梅の収穫期なのに… “近年まれに見る不作” 価格にも影響が

6月6日は「梅の日」です。
例年、梅が収穫の時期を迎えますが、ことしは状況が違います。
全国各地で梅が不作となっていて、実の数がいつもの年の3割ほどに落ち込んでいる地域も。何が起きているのでしょうか。

日本一の産地 和歌山では

全国一の梅の産地、和歌山県では梅の収穫量は大幅に減少する見通しです。

和歌山県やJAなどでつくる協議会によりますと、県内の梅の主力品種「南高梅」のことしの収穫量は、暖冬の影響で過去10年で最も少なくなる可能性が高いということです。

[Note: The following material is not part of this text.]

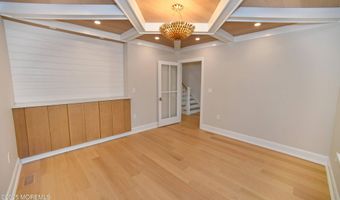 674 Lake Ave, Bay Head, NJ 08742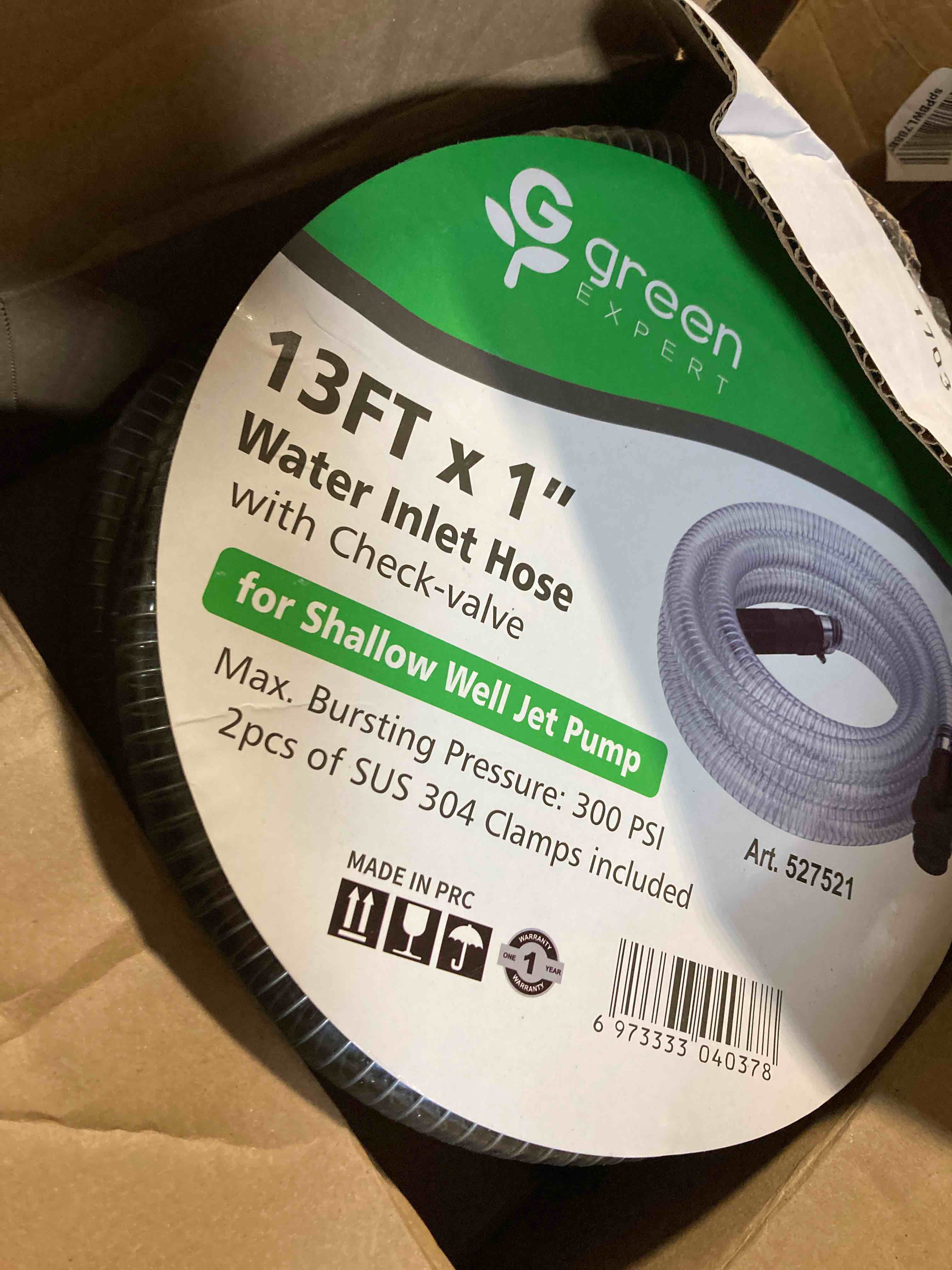 https://s3.amazonaws.com/lotting-images-prod/phillipi/GRN5131359_1706201383656.jpeg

和歌山市にある産直市場では、先月下旬から「南高梅」などの販売を始めていますがことしは、1キロあたりの平均価格が例年と比べて200円から300円ほど高くなっているということです。

販売する量も、例年の6割から7割ほどに減っていて、店では、ことしは例年より早く梅が売り切れる可能性があるとして、早めに買い求めるよう呼びかけています。

店を訪れた和歌山市の70代の男性は「毎年、梅酒をつけているので買いに来ましたが、ことしの梅は傷が多く、価格が高いと感じる」と話していました。

「産直市場よってって狐島店」の武石一真店長は「ことしは、傷がついているものも多く、量も少ないので、きれいな梅は大変貴重です。値段も、このまま高い状況が続きそうです」と話していました。

どうして不作に?

和歌山県などでつくる協議会によりますと、県内の梅の主力品種「南高梅」のことしの収穫量は、過去10年で最も少なくなる可能性が高くなっています。

全国一の梅の産地であるみなべ町など8つの自治体では、県と地元のJAなどでつくる協議会が、毎年4月から5月にかけて「南高梅」の木の枝になった実の数などを調べています。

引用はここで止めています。